WORK TASK:
Find the line containing "Chilaquiles are frequently" in the records below. Copy exactly that line and each one after it, ending at the line containing "I'm just using", and nothing more.

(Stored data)
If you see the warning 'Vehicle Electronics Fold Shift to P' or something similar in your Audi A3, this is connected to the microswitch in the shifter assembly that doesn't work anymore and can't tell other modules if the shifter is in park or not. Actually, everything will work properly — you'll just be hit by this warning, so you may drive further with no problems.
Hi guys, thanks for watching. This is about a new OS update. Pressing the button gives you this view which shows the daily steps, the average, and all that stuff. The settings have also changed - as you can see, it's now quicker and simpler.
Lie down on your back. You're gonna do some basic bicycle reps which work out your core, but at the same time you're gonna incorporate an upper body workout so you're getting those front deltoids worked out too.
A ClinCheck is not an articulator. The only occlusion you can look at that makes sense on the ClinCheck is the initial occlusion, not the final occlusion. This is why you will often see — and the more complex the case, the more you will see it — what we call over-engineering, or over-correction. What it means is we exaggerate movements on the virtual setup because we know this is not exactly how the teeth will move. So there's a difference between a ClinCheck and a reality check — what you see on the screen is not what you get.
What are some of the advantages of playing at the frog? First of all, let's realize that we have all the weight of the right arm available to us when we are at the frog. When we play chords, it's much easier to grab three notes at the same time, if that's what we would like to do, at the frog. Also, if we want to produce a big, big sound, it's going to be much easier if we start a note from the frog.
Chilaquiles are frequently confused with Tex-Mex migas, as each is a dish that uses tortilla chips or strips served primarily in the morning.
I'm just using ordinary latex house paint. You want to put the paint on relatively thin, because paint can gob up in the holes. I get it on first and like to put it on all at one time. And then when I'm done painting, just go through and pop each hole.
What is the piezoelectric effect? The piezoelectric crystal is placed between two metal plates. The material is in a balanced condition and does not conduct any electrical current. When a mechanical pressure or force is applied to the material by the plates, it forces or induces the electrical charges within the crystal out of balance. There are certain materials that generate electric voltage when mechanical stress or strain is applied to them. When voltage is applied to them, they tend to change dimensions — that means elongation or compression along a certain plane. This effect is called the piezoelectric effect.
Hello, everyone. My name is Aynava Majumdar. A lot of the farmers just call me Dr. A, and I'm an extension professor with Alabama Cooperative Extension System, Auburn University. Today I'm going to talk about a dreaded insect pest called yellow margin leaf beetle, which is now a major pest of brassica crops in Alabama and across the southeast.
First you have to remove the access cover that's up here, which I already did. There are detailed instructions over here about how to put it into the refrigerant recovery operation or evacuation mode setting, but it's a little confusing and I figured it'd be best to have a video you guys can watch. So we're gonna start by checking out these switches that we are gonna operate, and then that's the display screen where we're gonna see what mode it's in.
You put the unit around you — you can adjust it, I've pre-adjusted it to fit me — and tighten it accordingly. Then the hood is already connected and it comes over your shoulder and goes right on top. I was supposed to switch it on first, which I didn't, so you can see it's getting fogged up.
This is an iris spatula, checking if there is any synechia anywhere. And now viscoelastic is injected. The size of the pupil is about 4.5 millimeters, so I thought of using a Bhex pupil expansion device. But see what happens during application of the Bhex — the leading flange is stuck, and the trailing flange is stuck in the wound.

ANSWER FOR THE TASK:
Chilaquiles are frequently confused with Tex-Mex migas, as each is a dish that uses tortilla chips or strips served primarily in the morning.
I'm just using ordinary latex house paint. You want to put the paint on relatively thin, because paint can gob up in the holes. I get it on first and like to put it on all at one time. And then when I'm done painting, just go through and pop each hole.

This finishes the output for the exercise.